Perl in a Nutshell

Perl in a NutshellSearch this book
Previous: 4.1 Program StructureChapter 4
The Perl Language
Next: 4.3 Statements
 

4.2 Data Types and Variables

Perl has three basic data types: scalars, arrays, and hashes.

Scalars are essentially simple variables. They are preceded by a dollar sign ($). A scalar is either a number, a string, or a reference. (A reference is a scalar that points to another piece of data. References are discussed later in this chapter.) If you provide a string where a number is expected or vice versa, Perl automatically converts the operand using fairly intuitive rules.

Arrays are ordered lists of scalars that you access with a numeric subscript (subscripts start at 0). They are preceded by an "at" sign (@).

Hashes are unordered sets of key/value pairs that you access using the keys as subscripts. They are preceded by a percent sign (%).

4.2.1 Numbers

Perl stores numbers internally as either signed integers or double-precision floating-point values. Numeric literals are specified in any of the following floating-point or integer formats:

12345               # integer
-54321              # negative integer
12345.67            # floating point
6.02E23             # scientific notation
0xffff              # hexadecimal
0377                # octal
4_294_967_296       # underline for legibility
Since Perl uses the comma as a list separator, you cannot use a comma for improving legibility of a large number. To improve legibility, Perl allows you to use an underscore character instead. The underscore only works within literal numbers specified in your program, not in strings functioning as numbers or in data read from somewhere else. Similarly, the leading 0x for hex and 0 for octal work only for literals. The automatic conversion of a string to a number does not recognize these prefixes - you must do an explicit conversion.

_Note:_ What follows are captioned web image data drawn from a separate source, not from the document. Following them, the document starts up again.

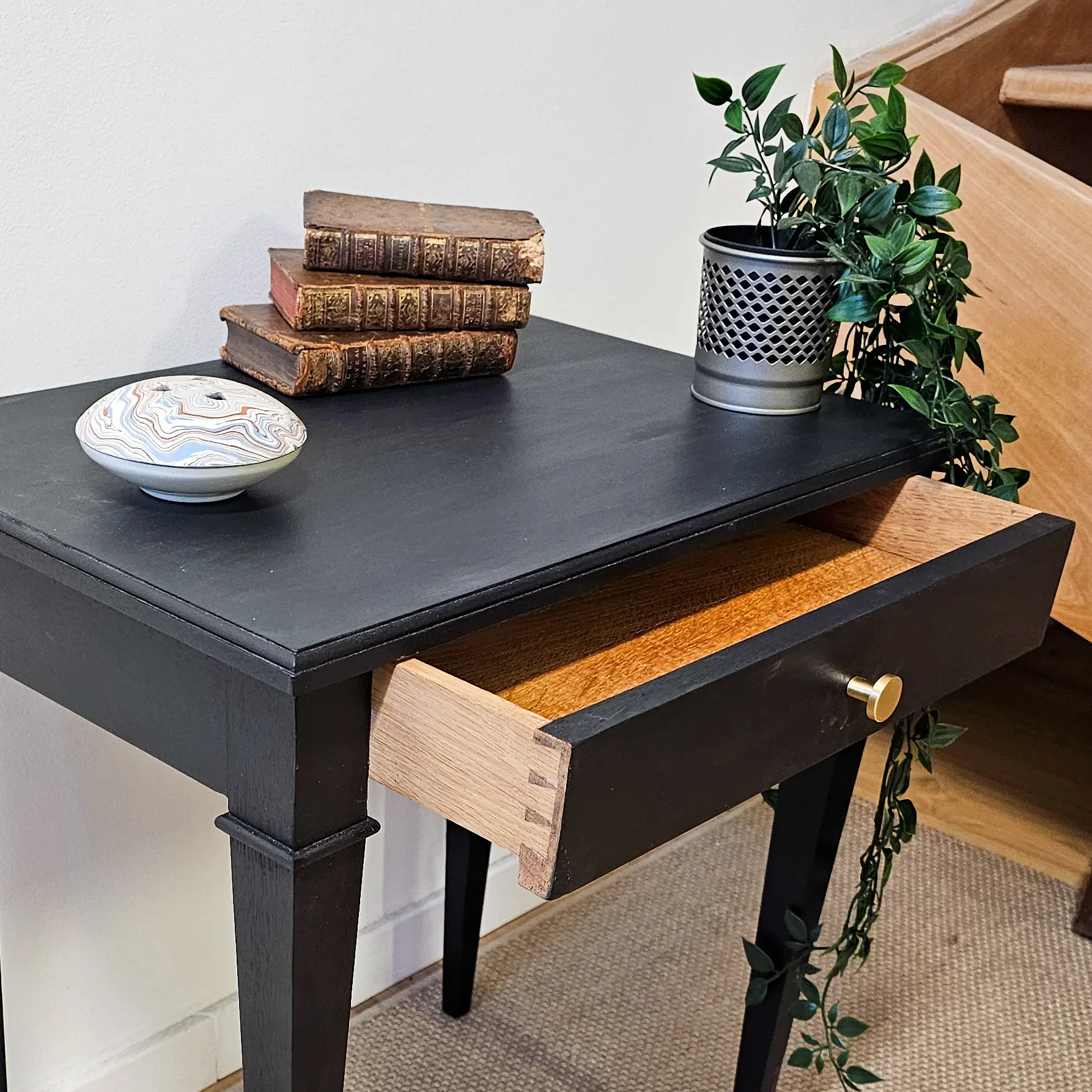 Table d'appoint rénovée Coal Black Fusion Mineral Paint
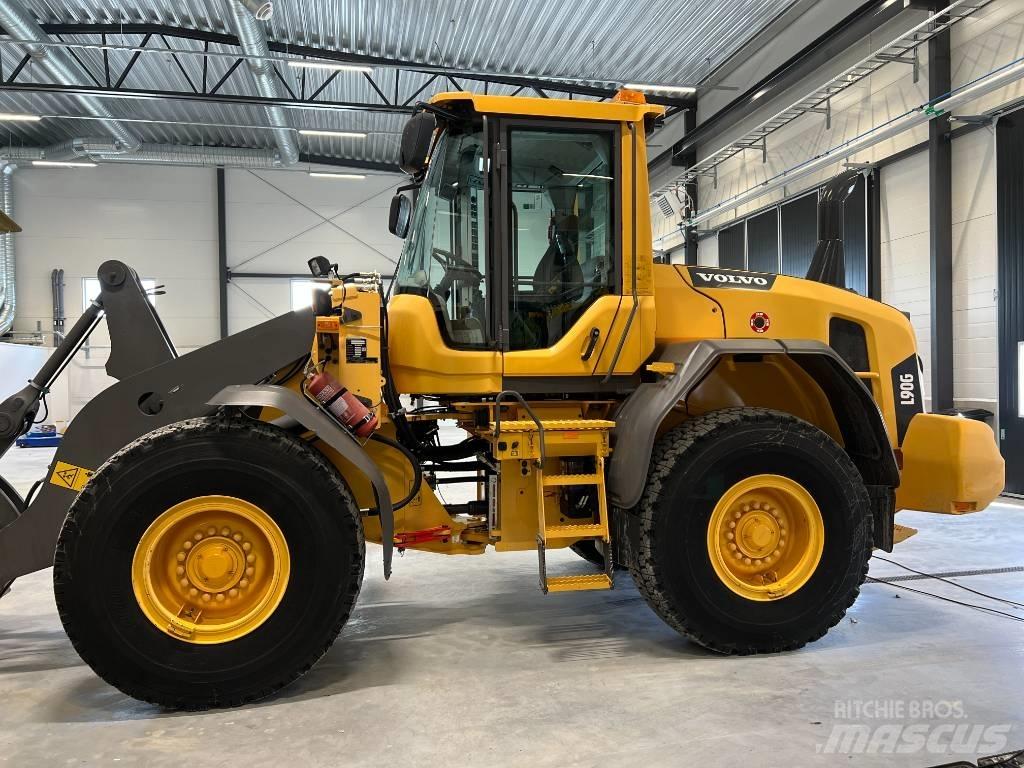Volvo L90G Pyöräkuormaajat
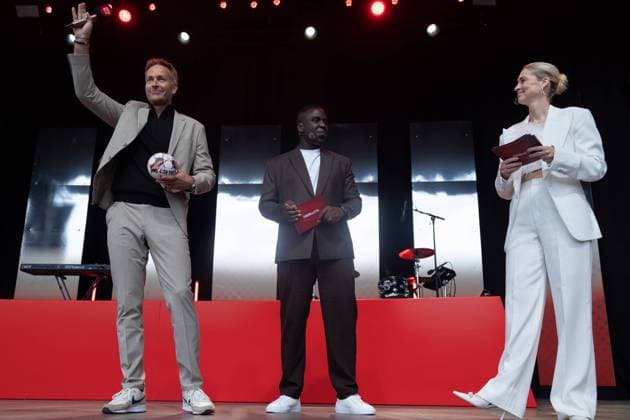 (L-R) Head coach Kasper Hjulmand of Denmark, and the hosts, Melvin Kakooza and Camilla Martin on the stage in Tivoli in Copenhagen Monday June, 10, 2024. DBU, TV2 and Tivoli send the Danish men s national football team off to the UEFA EURO, EM, Europameisterschaft,Fussball 2024 with a live show from Tivoli in Copenhagen Copenhagen Tivoli Denmark Copyright: xKristianxTuxenxLadegaardxBergx 2E6A3870
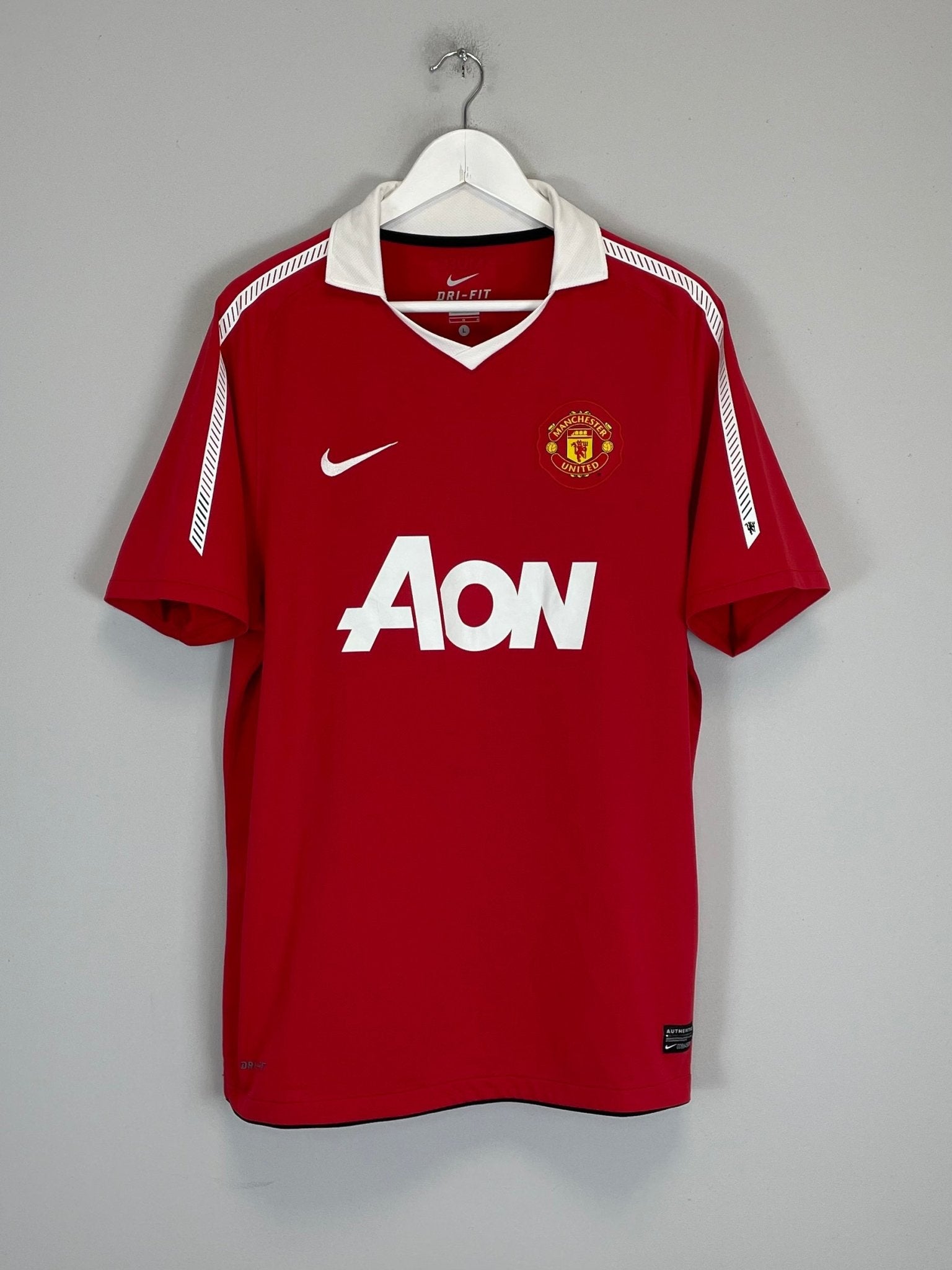 Shop 2010/11 MANCHESTER UNITED GIGGS #11 HOME SHIRT (L) NIKE, classic football shirts, vintage football shirts & retro soccer jerseys at Cult Kits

4.2.2 String Interpolation

Strings are sequences of characters. String literals are usually delimited by either single (') or double quotes ("). Double-quoted string literals are subject to backslash and variable interpolation, and single-quoted strings are not (except for \' and \\, used to put single quotes and backslashes into single-quoted strings). You can embed newlines directly in your strings.

Table 4-1 lists all the backslashed or escape characters that can be used in double-quoted strings.


Table 4.1: Double-Quoted String Representations
CodeMeaning
\nNewline
\rCarriage return
\tHorizontal tab
\fForm feed
\bBackspace
\aAlert (bell)
\eESC character
\033ESC in octal
\x7fDEL in hexadecimal
\cCCTRL-C
\\Backslash
\"Double quote
\uForce next character to uppercase
\lForce next character to lowercase
\UForce all following characters to uppercase
\LForce all following characters to lowercase
\QBackslash all following non-alphanumeric characters
\E

End \U, \L, or \Q

Table 4-2 lists alternative quoting schemes that can be used in Perl. They are useful in diminishing the number of commas and quotes you may have to type, and also allow you to not worry about escaping characters such as backslashes when there are many instances in your data. The generic forms allow you to use any non-alphanumeric, non-whitespace characters as delimiters in place of the slash (/). If the delimiters are single quotes, no variable interpolation is done on the pattern. Parentheses, brackets, braces, and angle brackets can be used as delimiters in their standard opening and closing pairs.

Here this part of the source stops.